APPEAL from the Circuit Court of Cook County; the Hon. LOUIS J. GILIBERTO, Judge, presiding.


This appeal presents the question as to whether Illinois recognizes a common law negligence action against a noncommercial supplier of alcoholic liquor.

In count II of plaintiff's third amended complaint, it is alleged in substance that defendant served alcoholic liquor to the guests at a party in her home — including defendant Glen Begouin, a minor, who became intoxicated and struck plaintiff, causing the loss of his sight in one eye. Additionally, this count alleged that Rubin knew when she served Begouin that "he was an individual of violent propensities likely to injure others when intoxicated."

Rubin moved to dismiss count II, asserting that it failed to state a cause of action, *fn1 and in its order granting the motion the trial court also denied a request of plaintiff to further amend his complaint on the basis that no facts could be asserted to state a cause of action for dispensing liquor by a private individual. This appeal followed.


In the consideration of a motion to dismiss, the allegations of fact in the complaint are taken as true (Skinner v. Reed-Prentice Division Package Machinery Co. (1977), 70 Ill.2d 1, 374 N.E.2d 437, cert. denied (1978), 436 U.S. 946, 56 L.Ed.2d 787, 98 S.Ct. 2849) and, in determining the propriety of such a dismissal, we are concerned only with the questions of law presented by the pleadings (Fancil v. Q.S.E. Foods, Inc. (1975), 60 Ill.2d 552, 328 N.E.2d 538).

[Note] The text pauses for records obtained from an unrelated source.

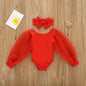Newborn Baby Girl Clothes Spring Autumn Fashion Long Sleeve Bodysuit Lovely Jumpsuit Headband  2pcs Baby Girl Outfit Set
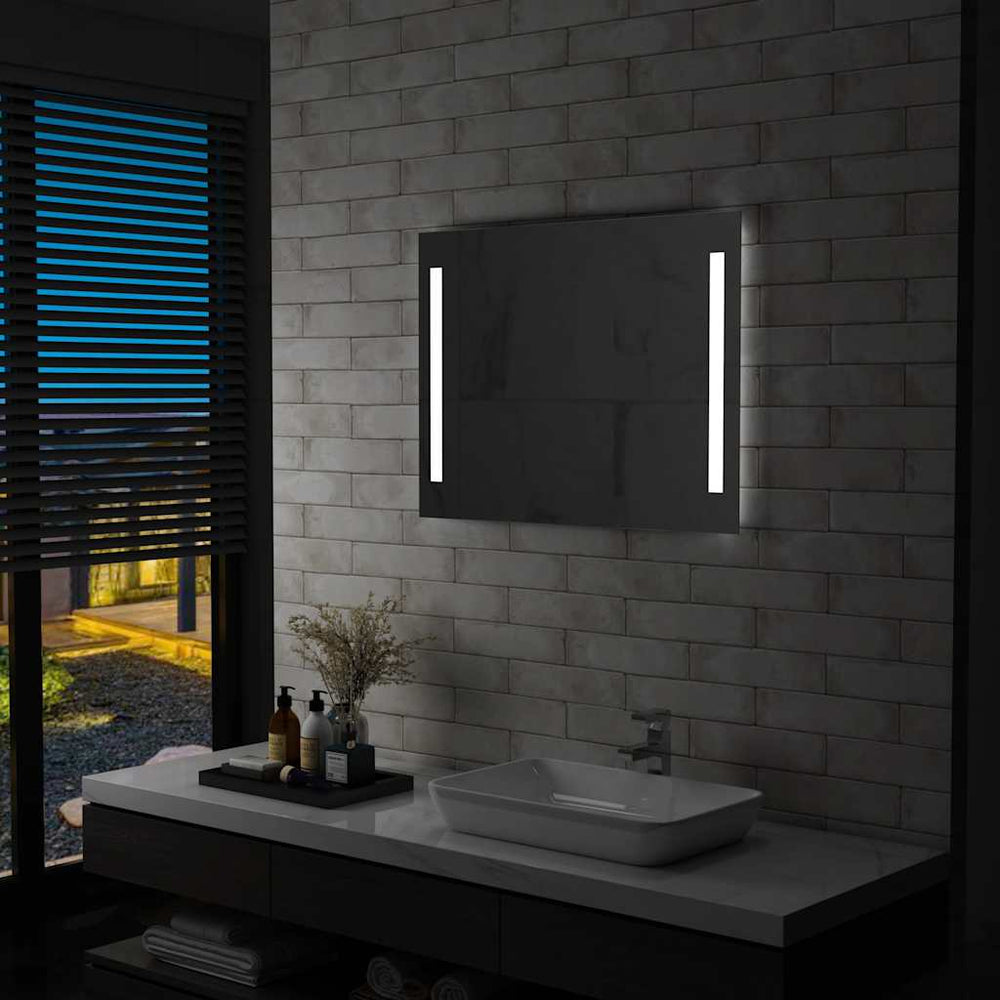 vidaXL Miroir mural de salle de bain avec LED 80x60 cm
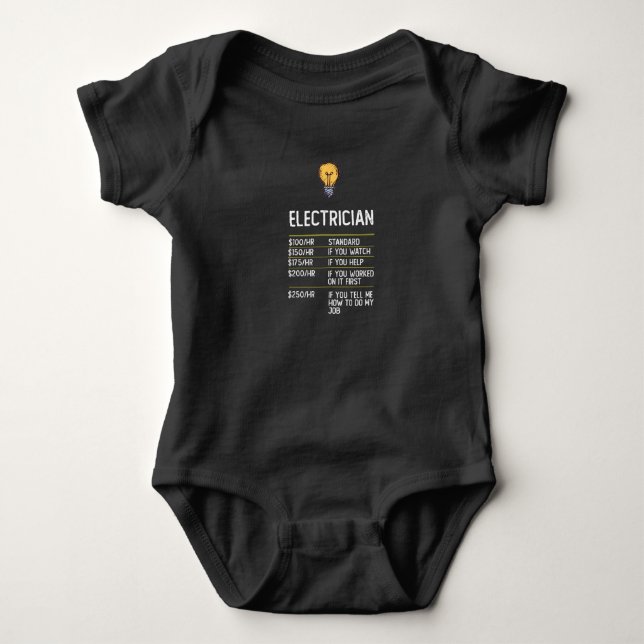 electrician funny gift present idea baby bodysuit (Front)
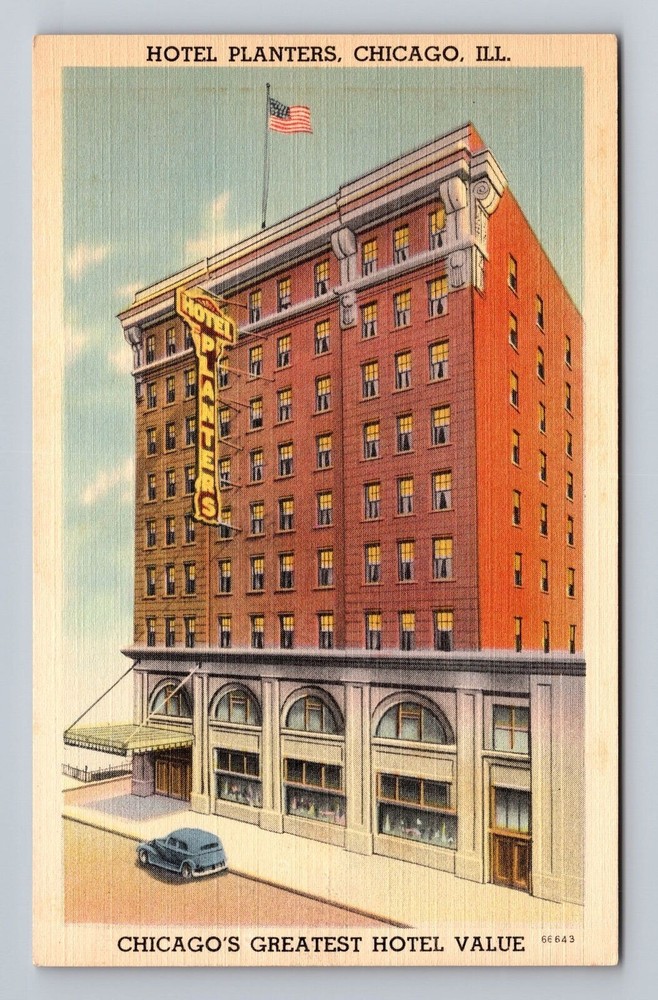 Chicago IL-Illinois Hotel Planters Vintage Postcard Standard Souvenir Postal PC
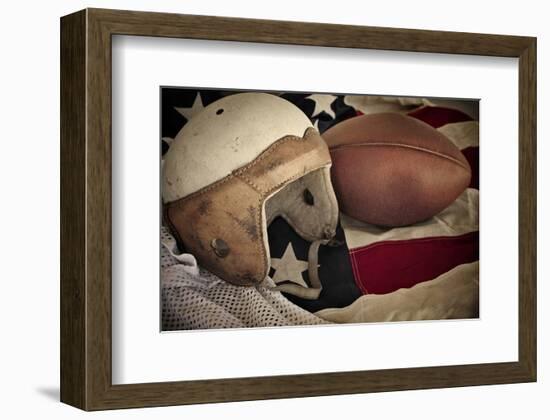 Football Helmet Pigskin & Flag-null-Framed Premium Giclee Print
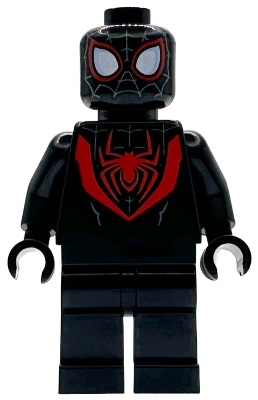 LEGO Minifigure sh1099 - Spider-Man (Miles Morales) - Dark Bluish Gray Webbing on Head, Black Hands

The question of law presented by the parties here is whether a noncommercial supplier (as opposed to a dramshop) can be held liable under common law negligence for the service of alcoholic liquor to an intoxicated minor who subsequently injures a third party.

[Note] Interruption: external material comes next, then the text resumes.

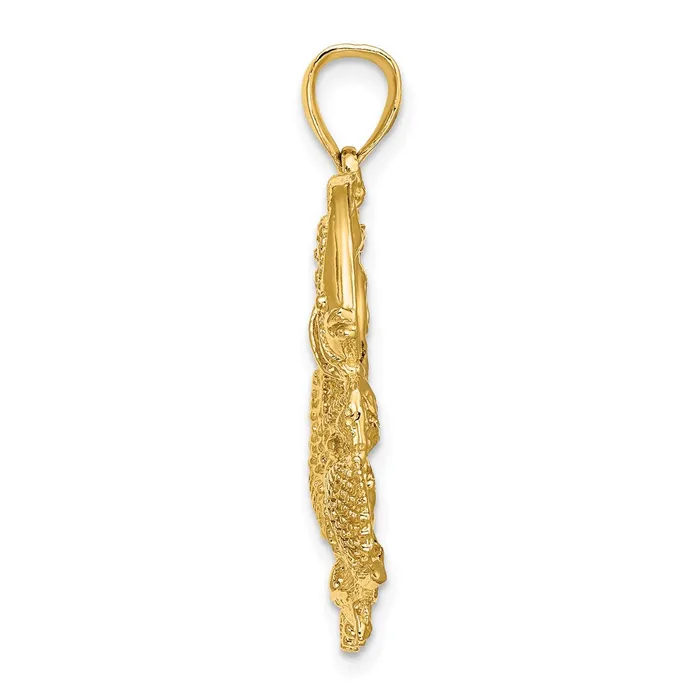 Charm Necklaces TreasureFineJewelers 14K Polished Textured Aquarium Charm
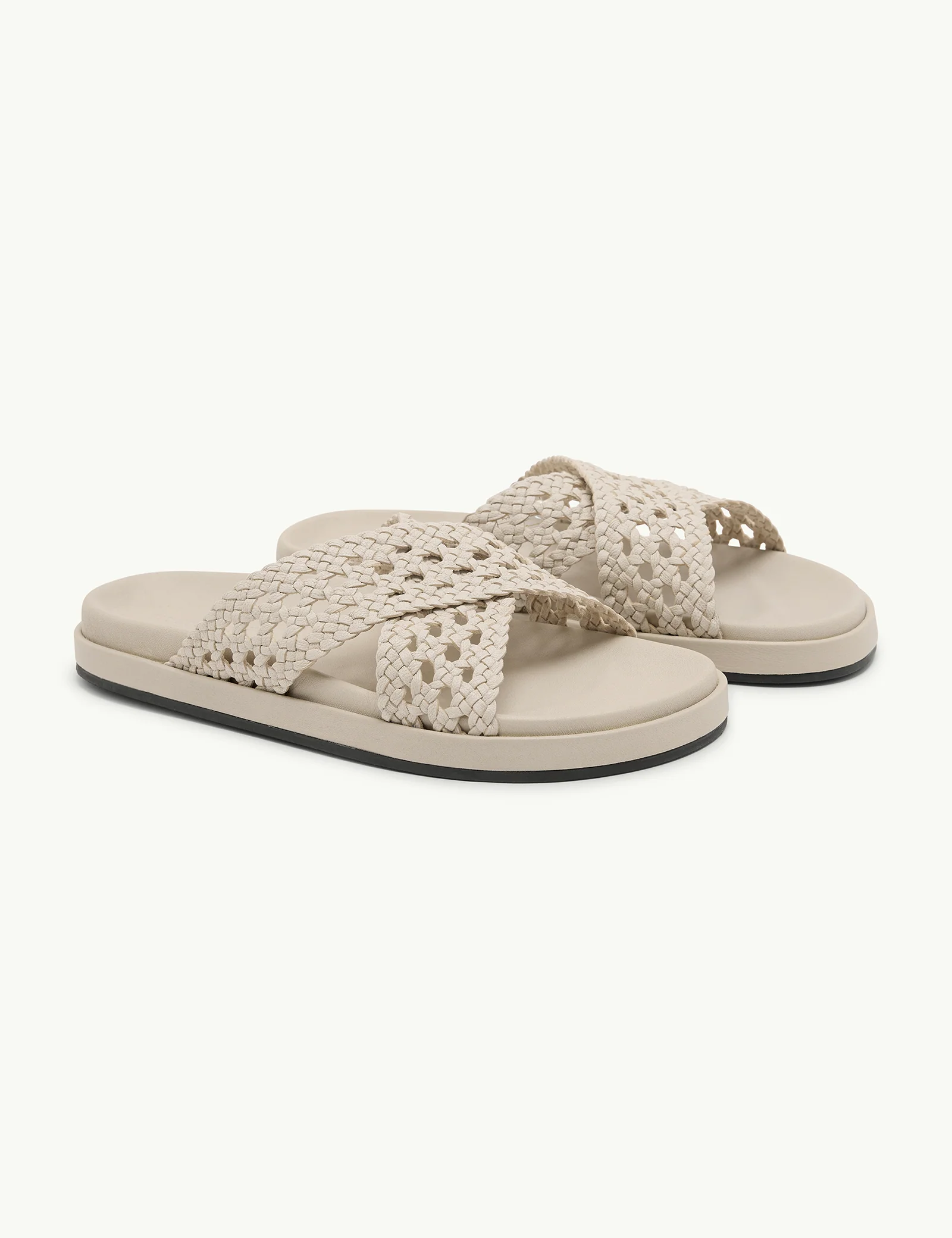 Ivory Woven Leather Sliders - Image 3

Historically, our supreme court has recognized that the common law gave no cause of action in negligence for the mere sale or gift of intoxicating liquor to the ordinary man. (Howlett v. Doglio (1949), 402 Ill. 311, 83 N.E.2d 708.) To the same effect are Schulte v. Schleeper (1904), 210 Ill. 357, 71 N.E. 325, and Meidel v. Anthis (1874), 71 Ill. 241, wherein the court stated that the Dramshop Act conferred remedies unknown to the common law against persons who may have caused the intoxication. As stated in Cruse v. Aden (1889), 127 Ill. 231, 234, 20 N.E. 73, 74:

"It was not a tort, at common law, to either sell or give intoxicating liquor to `a strong and able-bodied man,' and it can be said safely, that it is not anywhere laid down in the books that such act was ever held, at common law, to be culpable negligence, that would impose legal liability for damages upon the vendor or donor of such liquor."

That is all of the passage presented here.